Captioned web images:
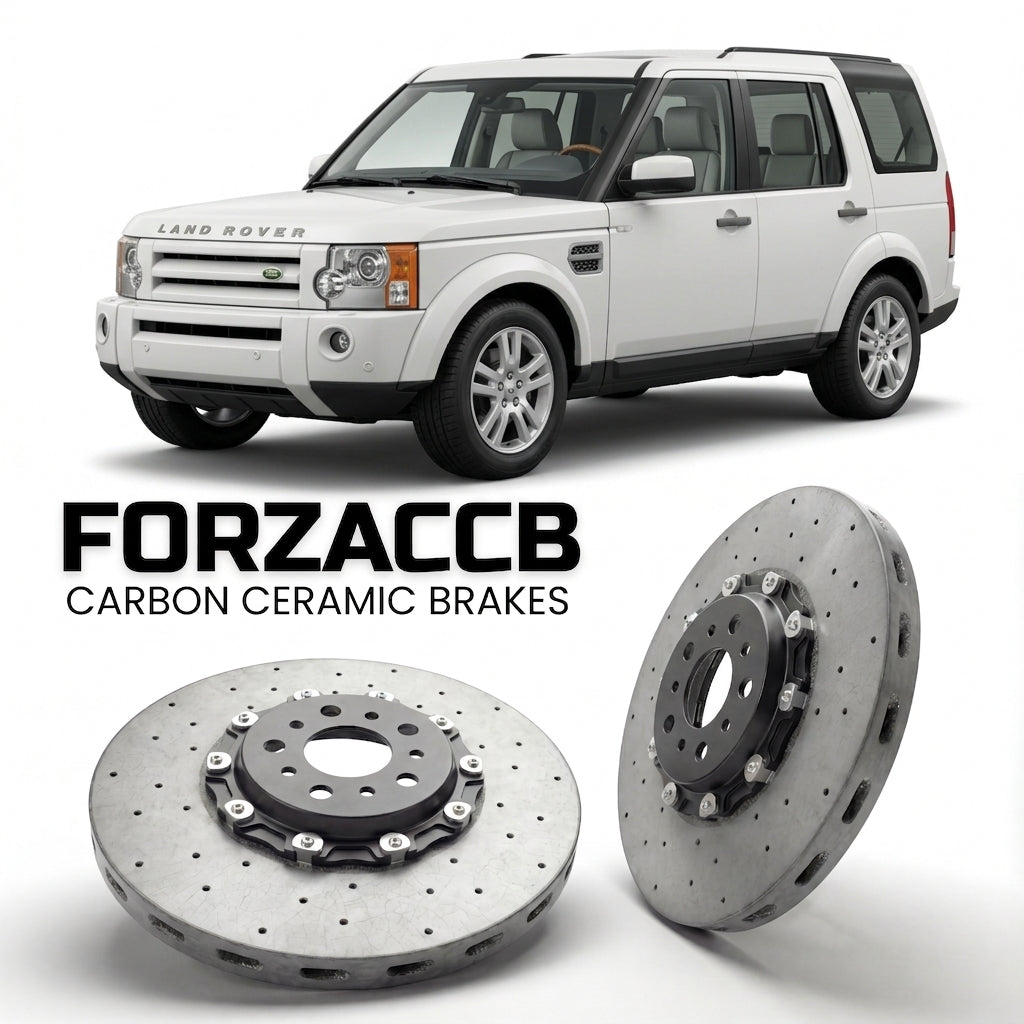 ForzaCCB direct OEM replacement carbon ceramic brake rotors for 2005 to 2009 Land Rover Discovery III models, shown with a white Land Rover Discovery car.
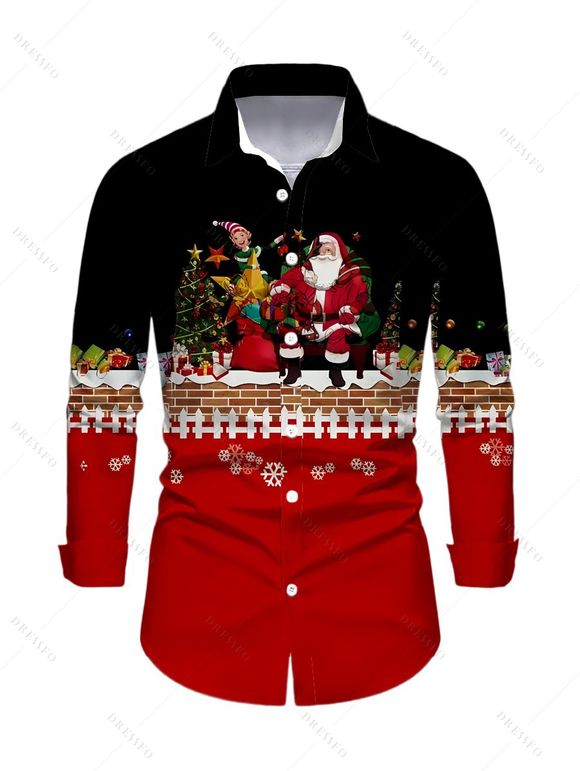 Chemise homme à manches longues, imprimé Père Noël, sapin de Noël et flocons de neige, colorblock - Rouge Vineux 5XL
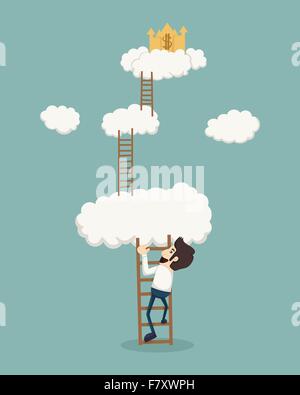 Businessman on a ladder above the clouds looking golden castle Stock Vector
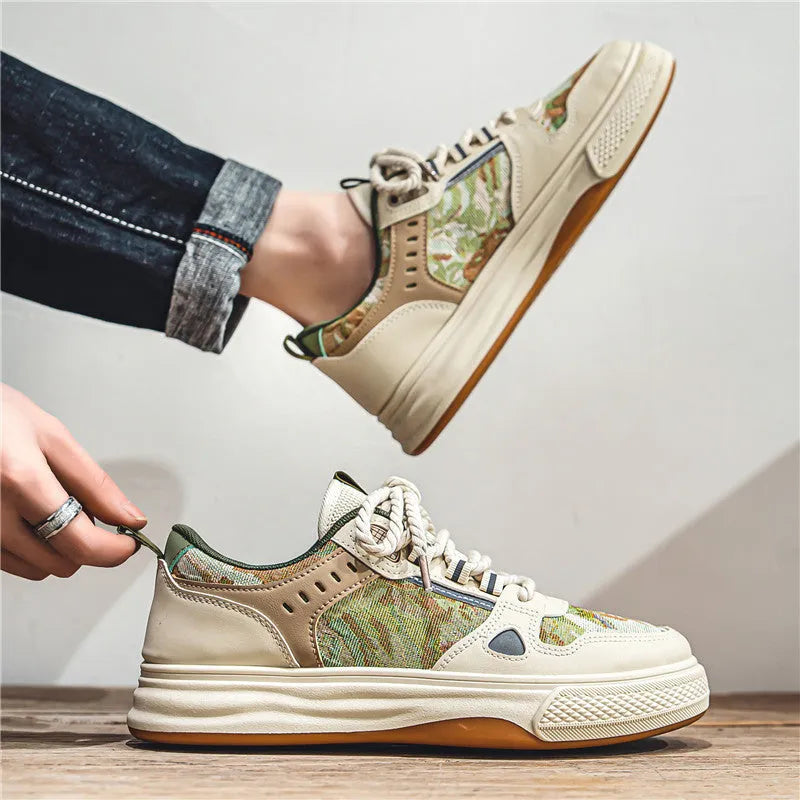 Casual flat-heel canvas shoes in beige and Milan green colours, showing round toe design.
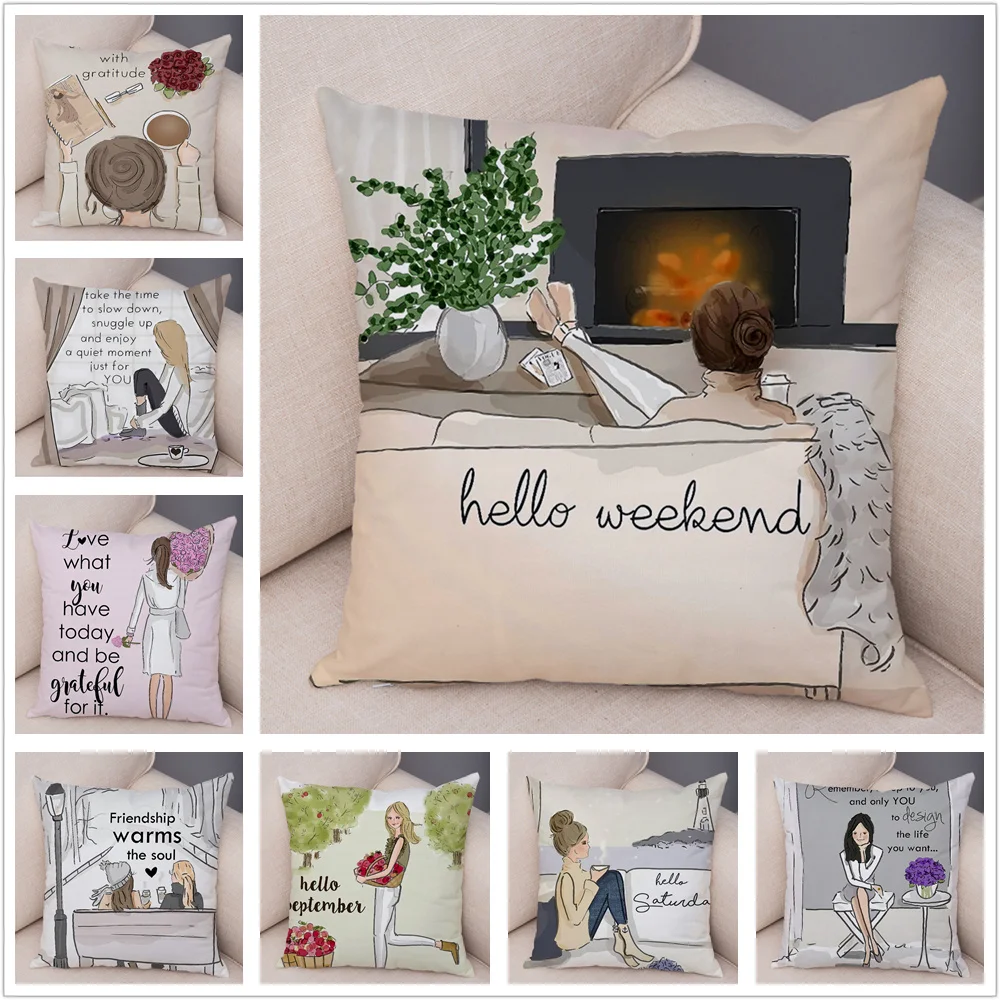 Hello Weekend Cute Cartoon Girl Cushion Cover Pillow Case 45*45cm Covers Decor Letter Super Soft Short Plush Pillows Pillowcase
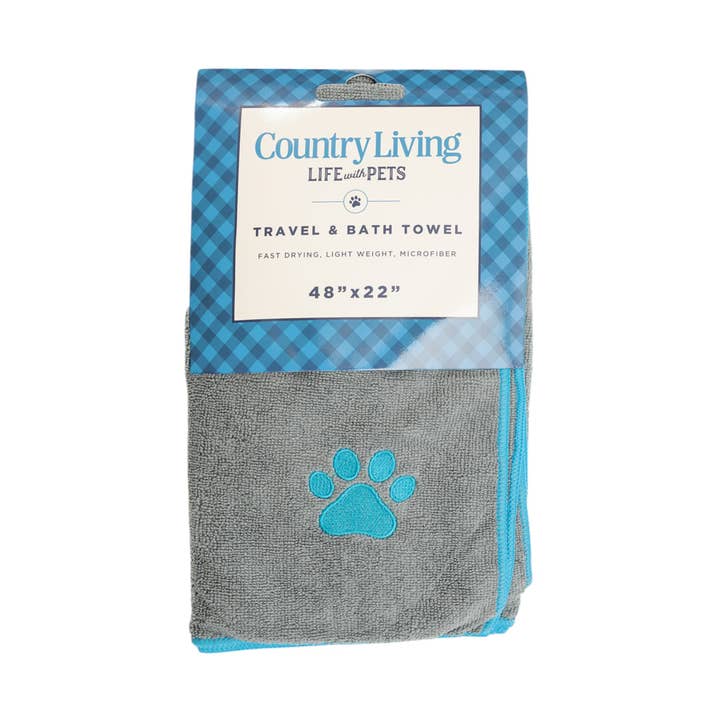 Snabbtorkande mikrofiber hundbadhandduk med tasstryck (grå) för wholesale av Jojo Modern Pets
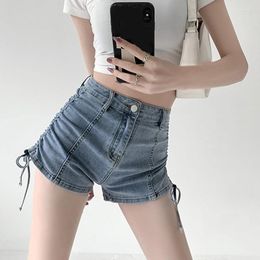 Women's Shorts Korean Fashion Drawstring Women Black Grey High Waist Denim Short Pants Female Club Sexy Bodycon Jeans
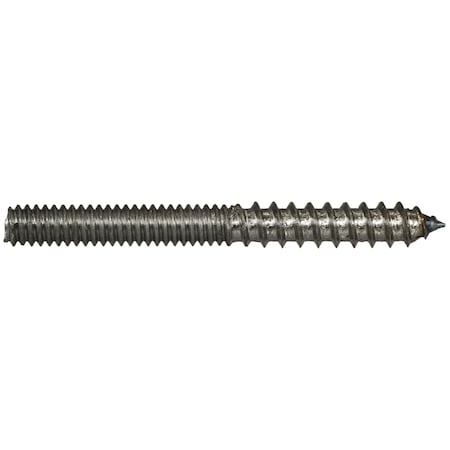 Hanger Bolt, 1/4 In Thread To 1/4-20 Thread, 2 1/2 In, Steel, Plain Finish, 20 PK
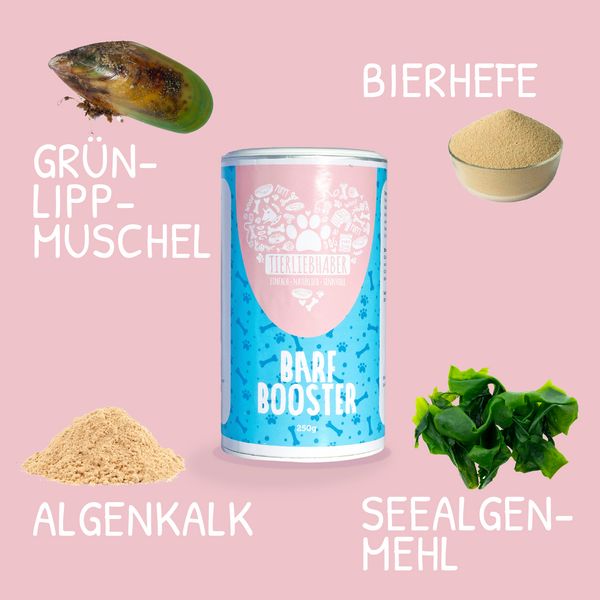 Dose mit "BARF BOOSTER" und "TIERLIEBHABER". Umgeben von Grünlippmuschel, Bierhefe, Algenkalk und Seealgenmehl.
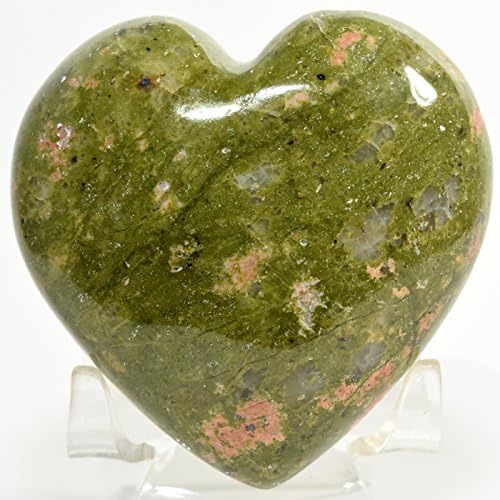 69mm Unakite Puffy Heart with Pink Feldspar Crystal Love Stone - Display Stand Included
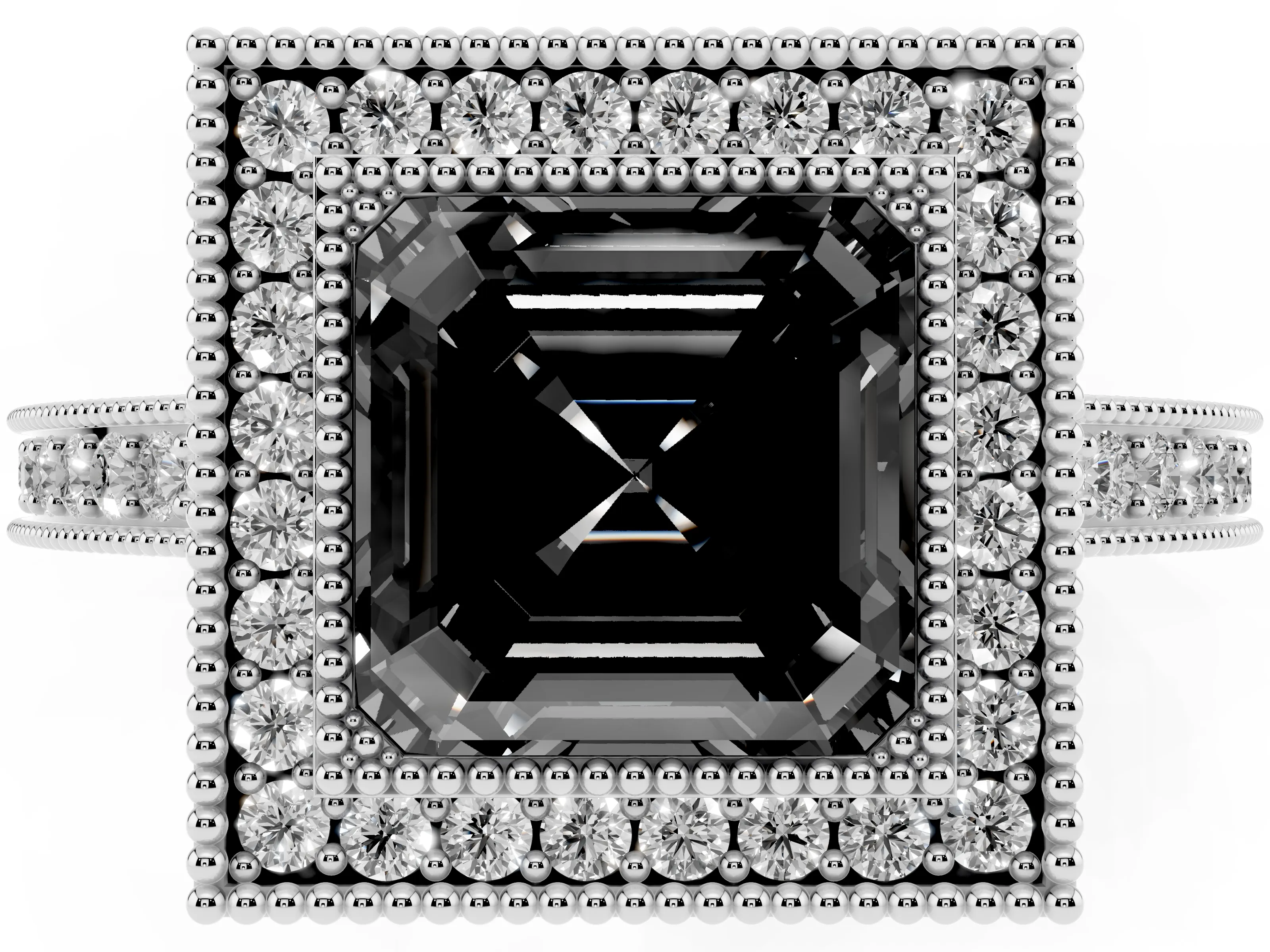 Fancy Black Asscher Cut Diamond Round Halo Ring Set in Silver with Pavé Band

● **Work to be completed**: Exactly repeat only the lines from the one with "Snabbtorkande mikrofiber hundbadhandduk" to the closing line above, both included, and omit every picture.

● **Task response**:
 Snabbtorkande mikrofiber hundbadhandduk med tasstryck (grå) för wholesale av Jojo Modern Pets
 Women's Shorts Korean Fashion Drawstring Women Black Grey High Waist Denim Short Pants Female Club Sexy Bodycon Jeans
 Hanger Bolt, 1/4 In Thread To 1/4-20 Thread, 2 1/2 In, Steel, Plain Finish, 20 PK
 Dose mit "BARF BOOSTER" und "TIERLIEBHABER". Umgeben von Grünlippmuschel, Bierhefe, Algenkalk und Seealgenmehl.
 69mm Unakite Puffy Heart with Pink Feldspar Crystal Love Stone - Display Stand Included
 Fancy Black Asscher Cut Diamond Round Halo Ring Set in Silver with Pavé Band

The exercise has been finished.